═══ DATA

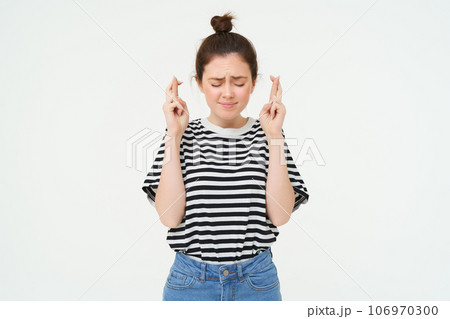 Portrait of hopeful young woman, makes wish, cross fingers for good luck, wishing, anticipating, standing over white background Portrait of hopeful young woman, makes wish, cross fingers for good luck, wishing, anticipating, standing over white background 106970300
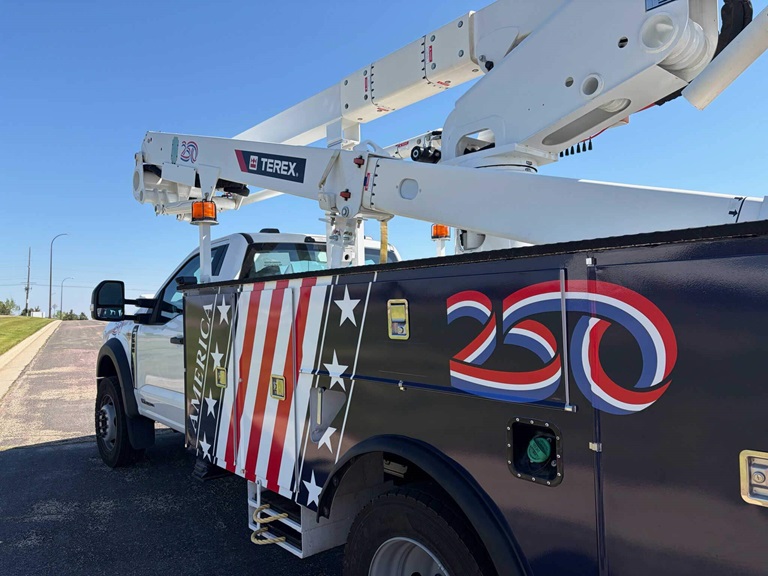 Custom-wrapped-bucket-trucks-celebrating-America’s-upcoming-250th-anniversary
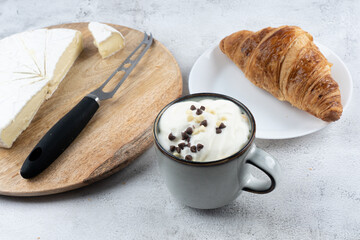 A cup of coffee, Butter bun, cheese knife and sliced round white cheese - on a wooden board plate. HOME breakfast
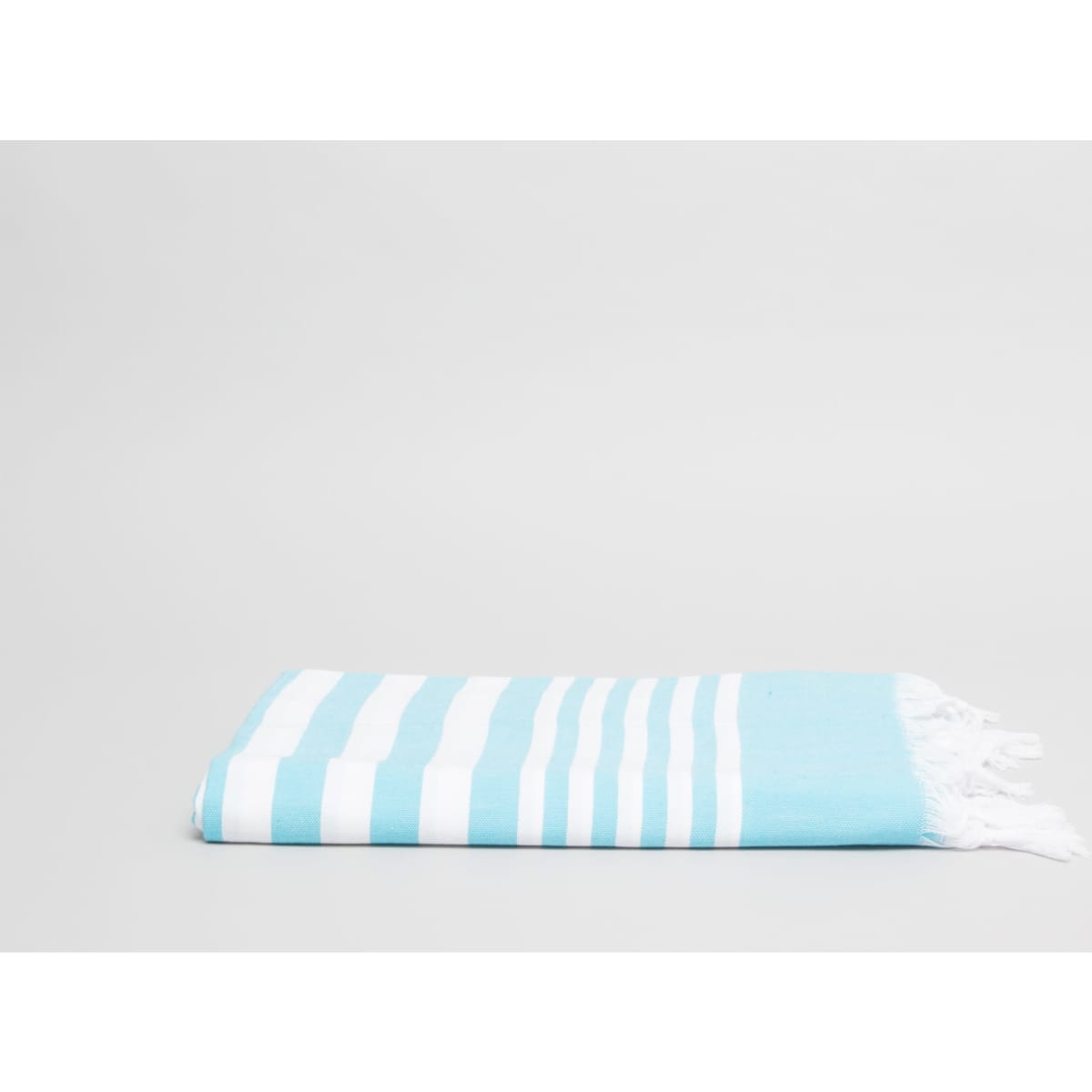 A folded Turkish beach and pool towel in aqua blue with white stripes and tasselled edges.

══════

◆ EXERCISE DETAILS:
Word-for-word transcription: the whole listing, with images excluded.

◆ ANSWER FOR THIS EXERCISE:
 Portrait of hopeful young woman, makes wish, cross fingers for good luck, wishing, anticipating, standing over white background Portrait of hopeful young woman, makes wish, cross fingers for good luck, wishing, anticipating, standing over white background 106970300
 Custom-wrapped-bucket-trucks-celebrating-America’s-upcoming-250th-anniversary
 A cup of coffee, Butter bun, cheese knife and sliced round white cheese - on a wooden board plate. HOME breakfast
 A folded Turkish beach and pool towel in aqua blue with white stripes and tasselled edges.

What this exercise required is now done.